> _What this task involves_
Your answer should consist only of the lines below from the one with "cheerful senior man" through the one with "A bowl of homemade", copied exactly.
::: Excerpted data
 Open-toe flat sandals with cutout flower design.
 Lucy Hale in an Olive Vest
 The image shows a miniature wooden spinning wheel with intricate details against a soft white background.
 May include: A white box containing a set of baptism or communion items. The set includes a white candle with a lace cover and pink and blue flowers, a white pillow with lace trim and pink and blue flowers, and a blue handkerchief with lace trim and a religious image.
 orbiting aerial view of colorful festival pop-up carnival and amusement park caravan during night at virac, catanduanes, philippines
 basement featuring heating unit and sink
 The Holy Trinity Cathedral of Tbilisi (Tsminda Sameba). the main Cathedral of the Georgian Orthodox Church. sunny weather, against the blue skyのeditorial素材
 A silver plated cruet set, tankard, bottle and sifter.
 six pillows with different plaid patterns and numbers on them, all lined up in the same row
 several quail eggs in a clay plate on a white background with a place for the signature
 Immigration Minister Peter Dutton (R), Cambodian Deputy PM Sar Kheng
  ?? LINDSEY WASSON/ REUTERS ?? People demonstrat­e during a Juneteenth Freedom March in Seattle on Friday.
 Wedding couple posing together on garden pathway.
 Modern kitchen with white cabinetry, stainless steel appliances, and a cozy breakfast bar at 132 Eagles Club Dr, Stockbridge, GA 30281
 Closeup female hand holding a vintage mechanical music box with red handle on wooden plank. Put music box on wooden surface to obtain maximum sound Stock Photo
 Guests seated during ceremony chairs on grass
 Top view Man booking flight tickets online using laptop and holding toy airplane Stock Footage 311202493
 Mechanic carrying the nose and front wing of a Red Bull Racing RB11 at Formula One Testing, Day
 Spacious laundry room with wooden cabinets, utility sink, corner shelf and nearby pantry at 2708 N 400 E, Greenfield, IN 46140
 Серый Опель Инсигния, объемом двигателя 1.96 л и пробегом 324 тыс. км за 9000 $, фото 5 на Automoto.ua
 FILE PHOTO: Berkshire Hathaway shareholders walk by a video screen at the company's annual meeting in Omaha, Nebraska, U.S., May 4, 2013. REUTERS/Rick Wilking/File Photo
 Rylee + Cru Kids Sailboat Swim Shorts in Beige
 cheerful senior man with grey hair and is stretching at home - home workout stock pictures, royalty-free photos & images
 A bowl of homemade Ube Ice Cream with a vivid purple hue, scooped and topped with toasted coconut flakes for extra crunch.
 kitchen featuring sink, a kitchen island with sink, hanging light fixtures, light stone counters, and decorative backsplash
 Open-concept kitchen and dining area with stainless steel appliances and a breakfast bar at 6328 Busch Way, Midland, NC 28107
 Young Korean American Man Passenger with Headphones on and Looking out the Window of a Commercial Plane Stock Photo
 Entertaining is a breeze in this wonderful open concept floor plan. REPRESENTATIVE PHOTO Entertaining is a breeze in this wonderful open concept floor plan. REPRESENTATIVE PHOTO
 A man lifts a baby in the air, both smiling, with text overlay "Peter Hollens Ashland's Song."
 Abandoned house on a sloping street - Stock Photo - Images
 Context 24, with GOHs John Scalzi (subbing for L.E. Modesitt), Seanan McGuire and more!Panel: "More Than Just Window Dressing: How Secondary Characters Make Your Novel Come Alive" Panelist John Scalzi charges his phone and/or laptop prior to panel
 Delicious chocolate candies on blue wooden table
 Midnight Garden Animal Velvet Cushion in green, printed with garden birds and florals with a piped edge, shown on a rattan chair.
::::::
> _Written response_
 cheerful senior man with grey hair and is stretching at home - home workout stock pictures, royalty-free photos & images
 A bowl of homemade Ube Ice Cream with a vivid purple hue, scooped and topped with toasted coconut flakes for extra crunch.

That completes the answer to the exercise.